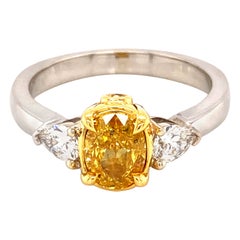 Alexander GIA Certified 1ct Fancy Vivid Yellow Diamond Three Stone Ring 18k 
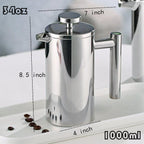 French Press Coffee Maker 3-Level Filtration Double-Walled 6MM Vacuum Insulated Keep Hot 2 Hours for Travel 32oz Polished Stainless Steel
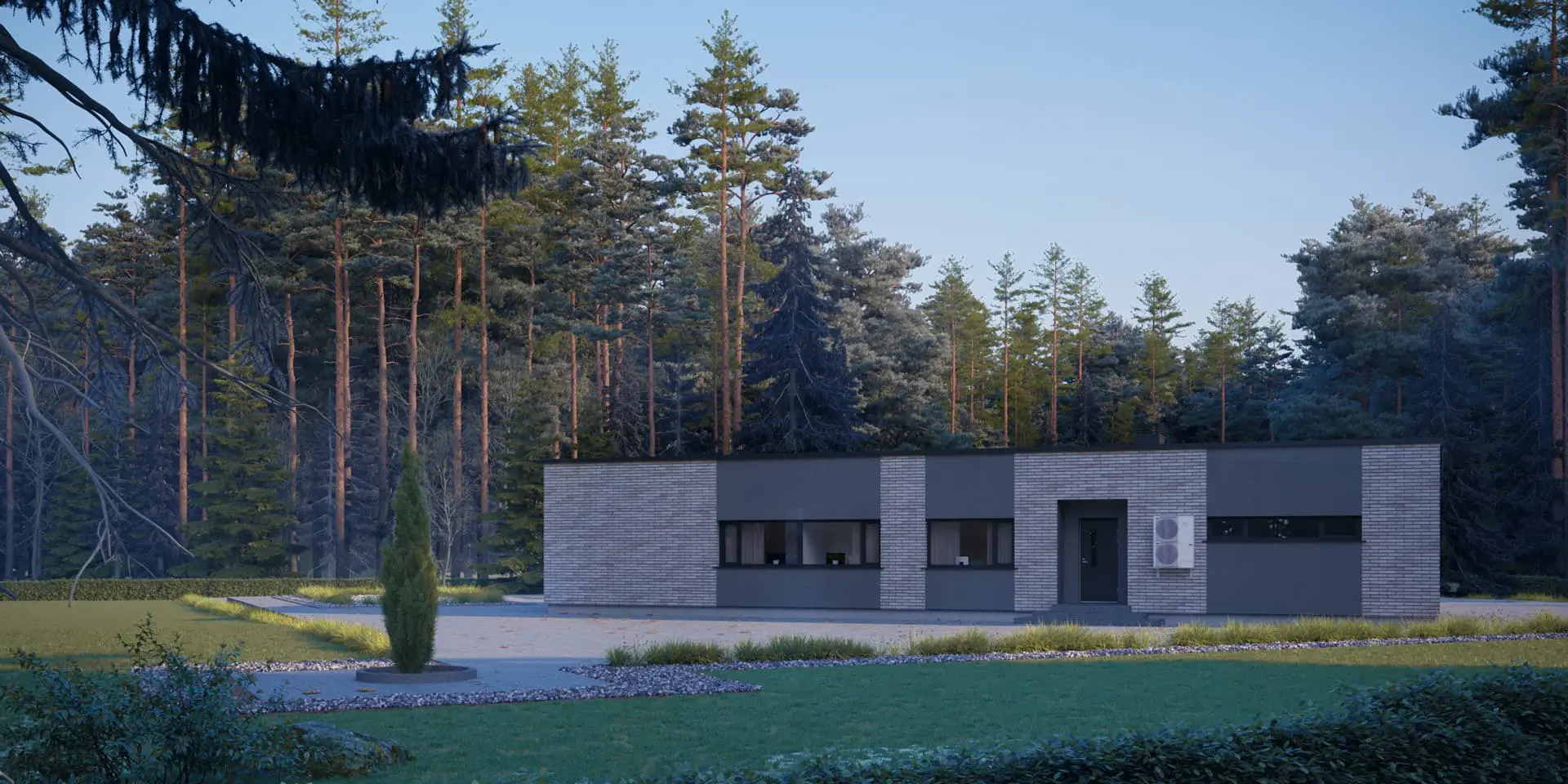 Vieno aukšto namo projektas 199 m²: 3 Miegamieji, Darbo kambarys, 3 Vonios, Atvira virtuvė, Garažas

:::::

▸ Problem statement: Print the material word for word; images are to be left out.

▸ Solved problem:
 Alexander GIA Certified 1ct Fancy Vivid Yellow Diamond Three Stone Ring 18k 
 French Press Coffee Maker 3-Level Filtration Double-Walled 6MM Vacuum Insulated Keep Hot 2 Hours for Travel 32oz Polished Stainless Steel
 Vieno aukšto namo projektas 199 m²: 3 Miegamieji, Darbo kambarys, 3 Vonios, Atvira virtuvė, Garažas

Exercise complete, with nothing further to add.